ヨイド純福音教会はこれまで、昨年5月の総会では、CCKと韓教連の統合がなされることを前提に、CCK脱退を保留し韓教連に加盟することを決定。今年5月の総会では、CCKと韓教連が10月までに統合しなければCCKを脱退するなど、比較的CCK・韓教連の両者をくんだ立場を取ってきた。しかし、CCK・韓教連間の溝は依然として深く、統合は容易ではないとする見方も多い。
一方、イ・ヨンフン氏は、韓国基督教教会協議会(NCCK)での会長経験もあり、保守派からの視線は厳しいことも考えられる。特に、昨年の世界教会協議会(WCC)釜山総会を巡っては、韓国内の保守・進歩間の対立が先鋭化し、CCKは定款に「WCCを支持したり、支持する個人や団体は会員になることができない」と記載までした。イ・ヨンフン氏は、WCC釜山総会の準備委員会常任副委員長を務めていた。そのため、候補者資格審査の段階でこうした経歴が指摘される可能性もある。一方、歴代CCK代表会長の中で、NCCK会長も経験しているのはチェ・ソンギュ牧師(仁川純福音教会)のみだ。
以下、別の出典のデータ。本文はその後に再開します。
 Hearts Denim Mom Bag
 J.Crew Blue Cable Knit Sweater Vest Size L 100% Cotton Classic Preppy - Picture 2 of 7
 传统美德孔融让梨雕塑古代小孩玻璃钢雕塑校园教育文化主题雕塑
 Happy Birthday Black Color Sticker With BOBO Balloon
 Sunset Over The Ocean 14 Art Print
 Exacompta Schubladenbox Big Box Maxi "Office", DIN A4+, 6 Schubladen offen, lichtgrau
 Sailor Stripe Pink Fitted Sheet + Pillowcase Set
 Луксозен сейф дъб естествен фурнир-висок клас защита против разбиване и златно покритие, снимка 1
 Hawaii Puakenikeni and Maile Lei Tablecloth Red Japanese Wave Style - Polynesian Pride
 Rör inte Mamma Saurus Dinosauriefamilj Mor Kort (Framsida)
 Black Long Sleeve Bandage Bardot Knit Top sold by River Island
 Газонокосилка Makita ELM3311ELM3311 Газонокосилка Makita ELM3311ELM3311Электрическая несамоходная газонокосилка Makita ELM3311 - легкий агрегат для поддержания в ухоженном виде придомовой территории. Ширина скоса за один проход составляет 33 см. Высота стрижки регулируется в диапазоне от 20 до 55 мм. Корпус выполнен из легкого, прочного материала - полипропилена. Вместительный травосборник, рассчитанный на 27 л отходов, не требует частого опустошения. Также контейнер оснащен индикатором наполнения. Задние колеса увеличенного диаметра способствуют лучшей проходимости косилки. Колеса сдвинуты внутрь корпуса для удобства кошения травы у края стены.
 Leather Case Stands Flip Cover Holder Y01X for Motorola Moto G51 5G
イ・ヨンフン氏はこの他、韓国世界宣教協議会(KWMA)会長や韓中キリスト教交流協会常任代表なども務め、宣教に対する強い情熱を持っていることで知られている。そのため、内部の混乱によってもたらされたCCKの悪いイメージを払拭し、宣教とリバイバルのために注力することができるのではないかとする期待もある。
現在61歳というイ・ヨンフン氏の年齢については、期待と懸念の両方がある。CCKの代表会長は通常、教団の代表を務めた60代半ばから後半の牧師が務めることが多く、イ・ヨンフン氏が今回代表会長に選出されれば、歴代最年少となる。これは、CCKを刷新し、若い世代の参加を促すことになる可能性がある一方、他団体との連合事業においては、指導性を発揮するために障害となる可能性もある。
また、ヨイド純福音教会というメガチャーチの主任牧師であるという点も利点と欠点の両面がある。豊富な人的・物質的資源をもとに、様々な事業を展開できるが、逆に自身の教会の奉仕で忙しく、CCK代表会長としてどの程度まで時間を割けるのか不安視する声もある。
一方、次期代表会長選に伴い18日に予定されていた記者会見は28日に延期され、20日に予定されていた公聴会は、単独候補による選出になっため選挙管理規定に基づきキャンセルされた。